The joint survey conducted by the non-state financial inclusion
agency – FSD-Kenya, Central Bank of Kenya, Kenya National Bureau of
Statistics and Consultative Group to Assist the Poor says that available
digital loan products have not improved livelihoods.
“Digital
credit is not reaching everyone and remains ill-suited for most of the
population, such as farmers and casual workers, whose livelihoods are
characterised by irregular cash flows,” says the phone survey.
While
borrowing to meet basic needs as well as replenish stocks in small
businesses were the main reasons for digital borrowing, 800,000 Kenyans
reported taking several loans to repay others.
“The
rise of the digital credit market has raised concerns about the risk of
excessive borrowing and over-indebtedness among lower-income households.

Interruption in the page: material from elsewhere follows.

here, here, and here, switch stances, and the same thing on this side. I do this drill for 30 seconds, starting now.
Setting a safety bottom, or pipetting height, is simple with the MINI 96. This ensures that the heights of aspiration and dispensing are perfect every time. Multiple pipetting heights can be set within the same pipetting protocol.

Digital loans are easy to obtain, short-term, carry a
high interest rate and are available from numerous bank and non-banking
institutions,” states the report.
About three million
borrowers reported late loan repayments that attracted hefty penalties
with nine per cent of defaulters being reported to the credit reference
bureau as risk-averse loanees.
“Half of borrowers spent
their savings to repay loans, 20 per cent of loanees reported reducing
food purchases and 16 per cent reported borrowing (mostly through family
and friends). Poor business performance and loss of jobs in 2017 were
the main cause of default,” it says.
The study calls
for the establishment of an oversight authority to scrutinise the
lucrative interest rates and penalties used by the digital loan
providers some of which don’t fall under any regulatory regime.
The
rates used are not bound by the Central Bank interest regime currently
at a maximum of 13.5 per cent, giving a leeway for digital loan
providers to charge higher. Some providers charge between 7.5 to 10 per
cent interest for a one-month loan.
Dubbed, “The
Digital Credit Revolution in Kenya: An Assessment of Market Demand, 5
Years On”, the survey finds that about one million borrowers did not
understand the interest regime applied where some had disbursed loans,
still held in the mobile account, withdrawn abruptly.
The
study proposes development of tools to track over-indebtedness whose
adverse effects were hurting the well-being of families with nine per
cent of the borrowers (breadwinners) being blacklisted.
It
calls for further studies on product innovation that will promote
proper use of loans, thereby, ensuring digital borrowers are not stuck
with low-value, short-term, expensive credit despite building positive
credit histories.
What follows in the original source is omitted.